§ **Goal of the exercise**
Please return the data that follows precisely as written, but without the images.

§ **Collected material**
________
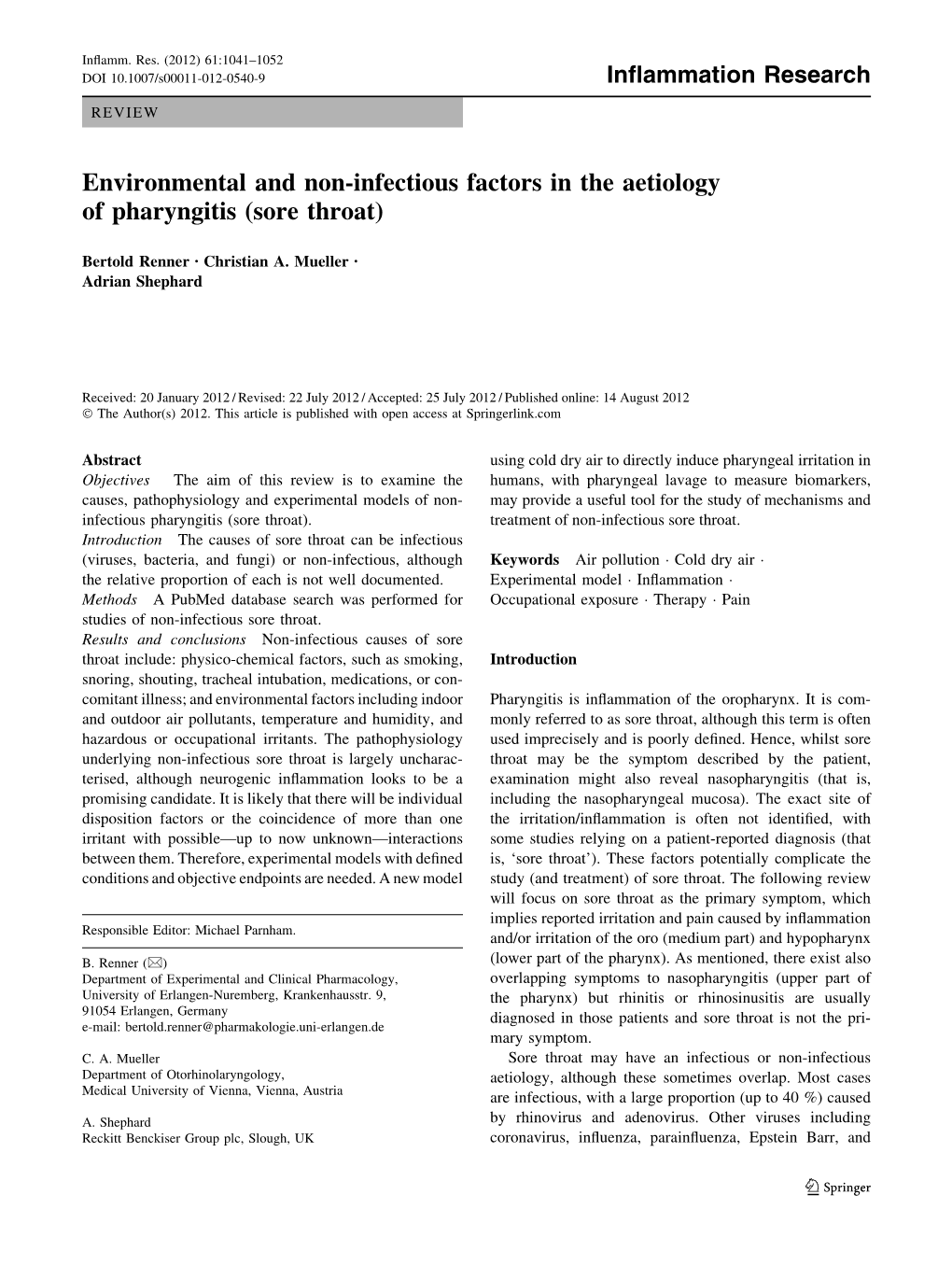 Environmental and Non-Infectious Factors in the Aetiology of Pharyngitis (Sore Throat)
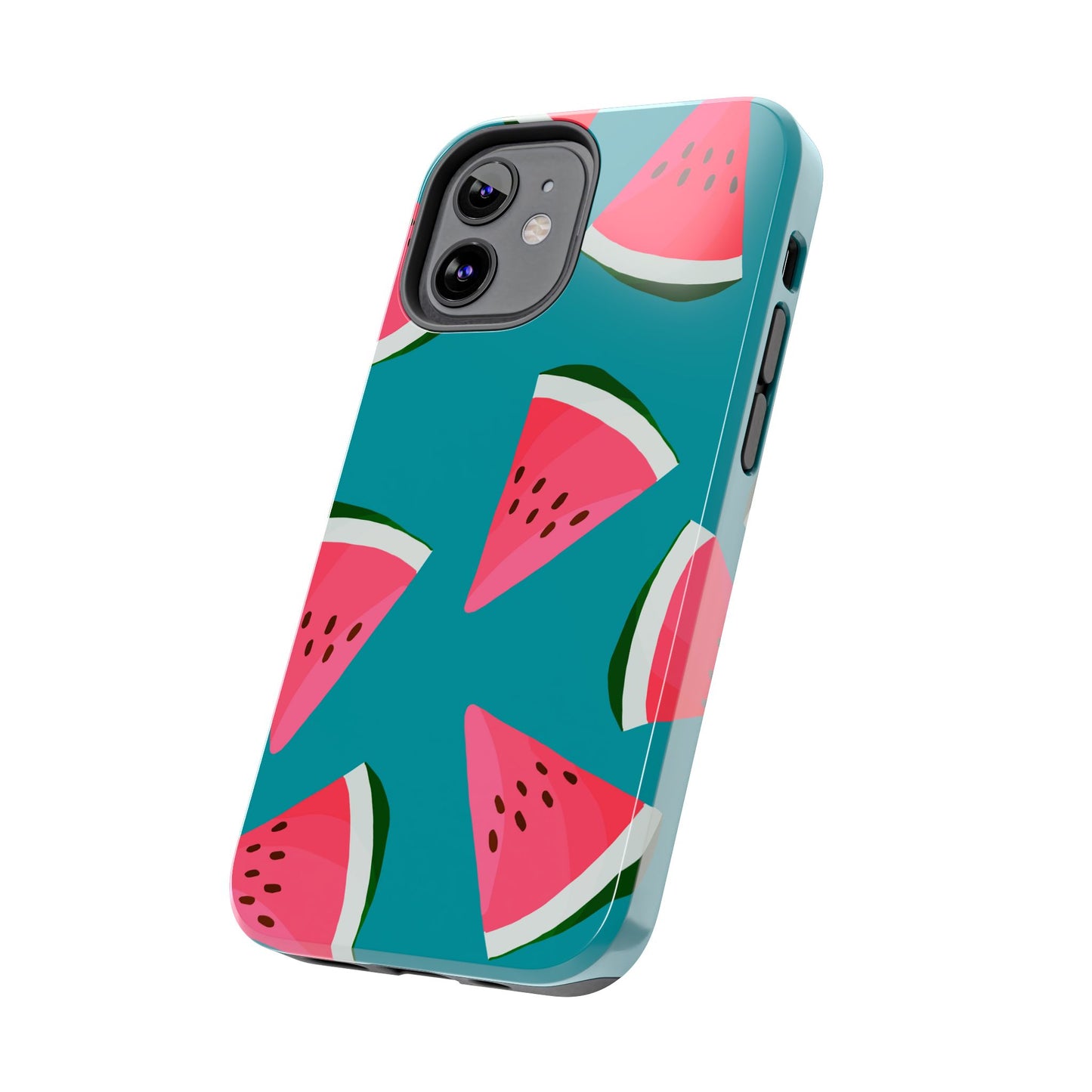 Watermelon Bliss iPhone Case – Vibrant Summer Fruit Design on Teal Background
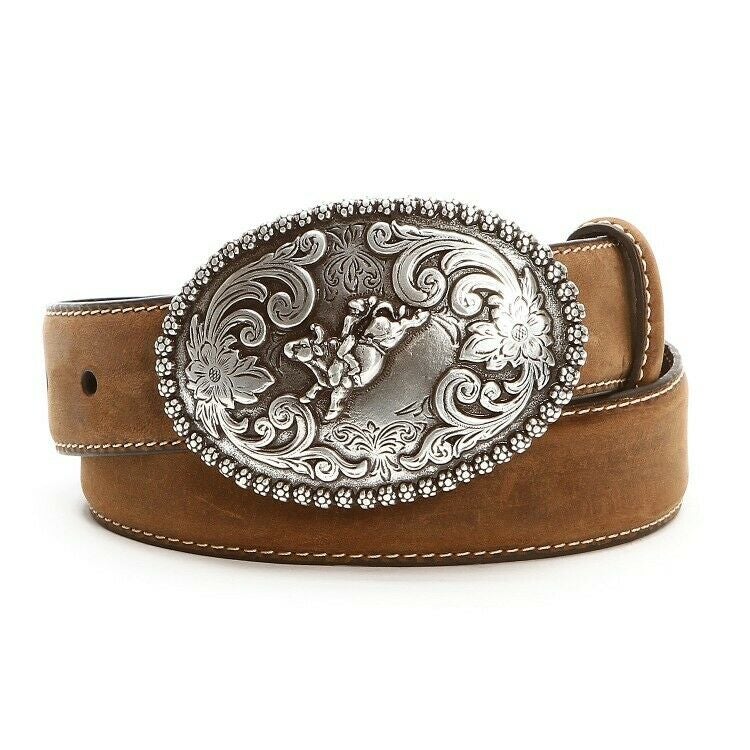 Kids Nocona Basic Brown Belt Bull Riding buckle N4421844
________
§ **Reply**
 Environmental and Non-Infectious Factors in the Aetiology of Pharyngitis (Sore Throat)
 Watermelon Bliss iPhone Case – Vibrant Summer Fruit Design on Teal Background
 Kids Nocona Basic Brown Belt Bull Riding buckle N4421844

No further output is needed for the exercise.